I recently read a blog post by an aching, frustrated wife who is involved in counseling women. She was lamenting why so many godly men have fallen into sexual sin. Just in the past two weeks I have learned of respected pastors who committed adultery and then filed for divorce, another who was suspended from leadership of his church due to setting up an Ashely Madison account, and yet another who was convicted of soliciting a prostitute. When I read the blog post that encouraged men (and women) to “just stop” my heart leapt with agreement. Too many people I know and love have been stabbed in the heart by the consequences of sexual sin. Too many women I’ve cared for over the years have reeled in the wake of molestation, rape, adultery, and lust of various kinds. And like never before women are living through the pain and shame of porn at the fingertips of the boys and men they love. And women also sin sexually and their men suffer, too.
Honestly, I’m angry. I’m asking God and others to help me discern what fraction of my anger is the righteous indignation of scripture. Yes, not all anger is sin. Yet I’m also feeling tender compassion for the sinners and their families. Like me, they remain in need of a Savior who forgives the repentant sinner even before we ask. “It is finished!” meant that every past, present and future sin committed by His own were forgiven once and for all.
But sin has consequences, and exposed sin results in deeper and more painful consequences than confessed sin. The fact is people who confess their sins rather than wait for them to be discovered do those they love a precious service.
The truth is we don’t get away with sin.
God sees to it that sin doesn’t stay hidden forever. We think we’re safe from exposure. Our self-deception lures us to really believe we won’t do it again, so why confess? We love the pleasures of sin more than we love those we’re betraying. “For whatever is hidden is meant to be disclosed, and whatever is concealed is meant to be brought out into the open” (Mark 4:22). The fact that something is hidden, in other words, means it will be found. God will see to it that your sin is revealed one way or another because he loves you.
The bloggers exhortation to “just stop it!” is the cry of every heart that has personally experienced or loved another through the aftermath of sexual betrayal. And the scriptures are clear: “If your right eye causes you to stumble, gouge it out and throw it away. And if your right hand causes you to stumble, cut it off and throw it away. It is better for you to lose one part of your body than for your whole body to go into hell” (Matthew 5: 2-30).
These verses are set in the context of Jesus creating a similarity — not a contrast — between lust and adultery. Yes, lusting is far more like adultery than we realize. Eyes and hands are how sexual sin gets started and Jesus is mincing no words. We are called to do whatever it takes to not participate in sexual sin, including cutting off the way it gets started, and keeping our eyes and hands to ourselves.

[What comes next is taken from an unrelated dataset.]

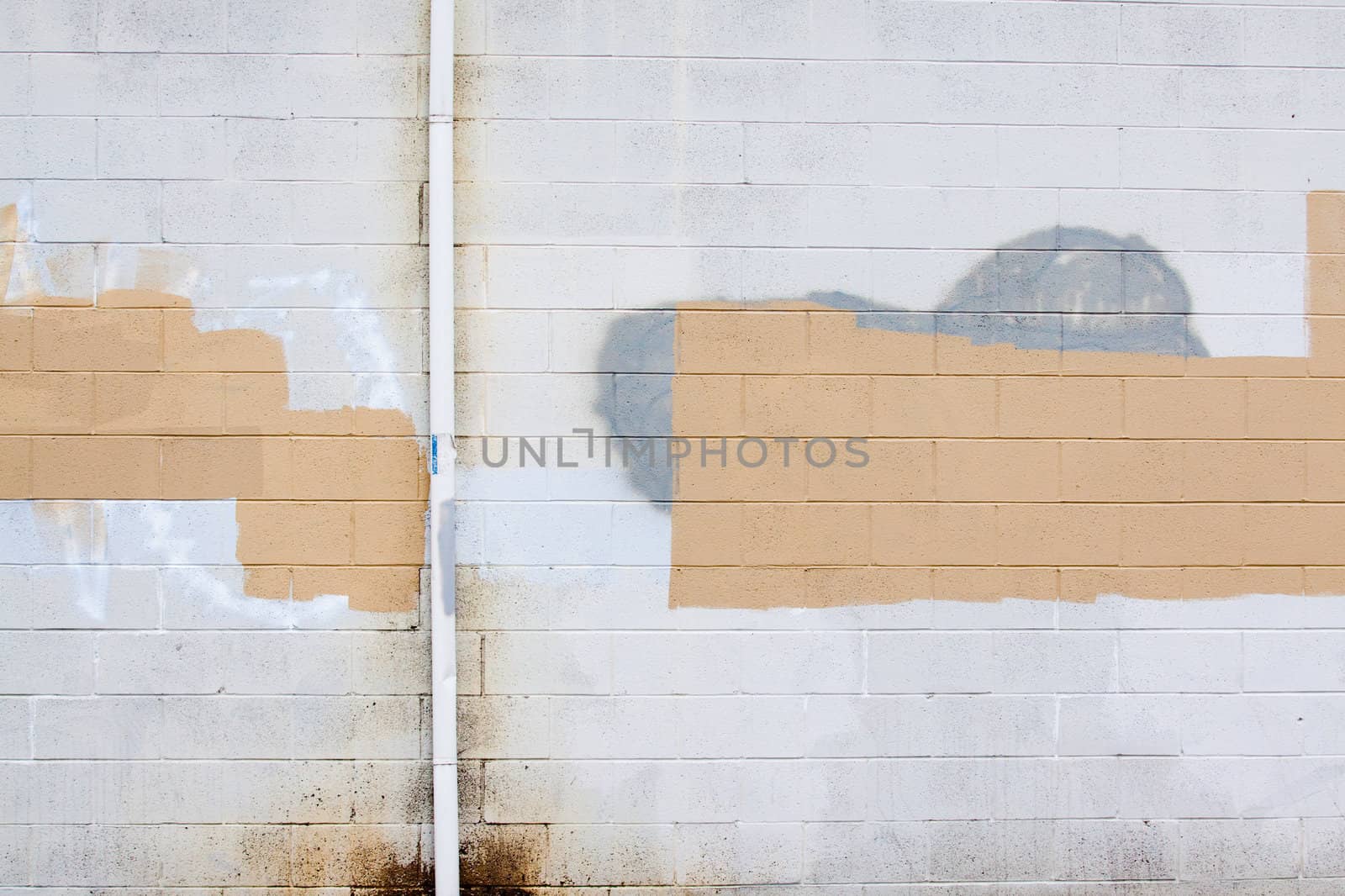 A grey wall has rectangular and square patches of paint used to cover up graffiti and vandalism along the side of an urban building.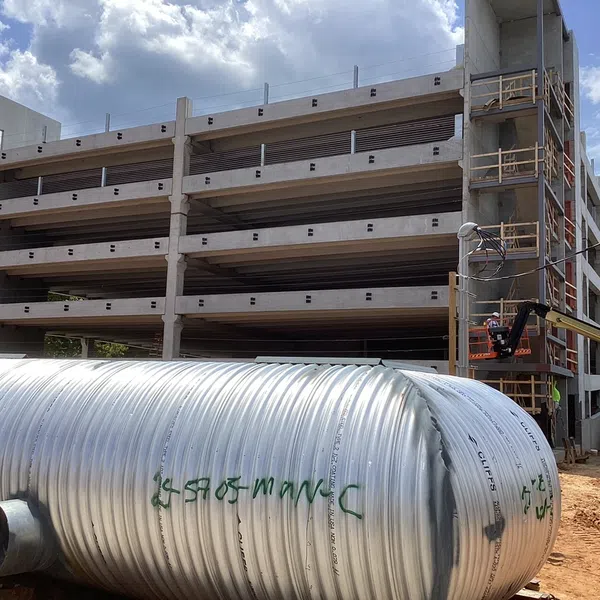 Multi-level concrete parking garage under construction with large cylindrical metal drainage pipe in foreground under blue sky.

But when it happens, we are given a way of escape: confession. "Just stop it" is the right thing to do, but when sin becomes bondage the better exhortation is “Just confess it!” Once Mom knew her alcohol use had become a sinful bondage-turned-addiction she immediately started confessing and asking for help. The penitent sinner always confesses, first to God and then to others. The one who wants to keep a back door open to repeating his or her sin or is more eager to protect our reputation...and keep the deathly secret garden alive. And often the behavior isn’t the only thing hidden. The addict is often the last to know that shackles have put him or her into the clutches of bondage. After all, “I can stop this any time I want to. And I’ve already stopped over and over.” The reality is there are some sins that you can’t “just stop” on your own because addiction has set in and you don’t even know it.
Are you struggling with hidden sin? Are you starting to become anxious about the hold alcohol or porn or eating or shopping or nicotine or gambling has on you? Have you “stopped” again and again, only to return to your hidden habit? Are you afraid that if you confess you’ll lose the respect or loyalty of someone/some people you love?
Please. I’m asking you to Just Confess It. Don’t wait until God says “enough” and causes your hidden sin to “brought into the open.” Please. I’m asking you to prevent the knife from going deeper into the hearts of those you’ve betrayed when you selfishly force them to be the ones to discover what you’ve done or are doing. Please. I’m asking you to stop thinking this will be your last time…again. Do the right thing — the courageous and loving thing — and pick up the phone or write the email. Perhaps your first confession shouldn’t be to those who will be the most hurt by your sin. Maybe you should confess to a wise pastor, friend or family member so you can receive help to compassionately confess to those who mean the most and will be hurt the most by what you’ve done.
If you confess rather than wait for God to expose your sin you will give those you love a precious gift. They may not know right away how important this gift is, but exposed sin hurts more than confessed sin. I am forever grateful to Mom for the gift of her confession and to God for the miracle of forgiveness and change in her life that began when she loved us enough to do what was right.
“If we confess our sin he is faithful and just to forgive us our sins, and to cleanse us from all unrighteousness” (1 John 1:9).
Please just confess it.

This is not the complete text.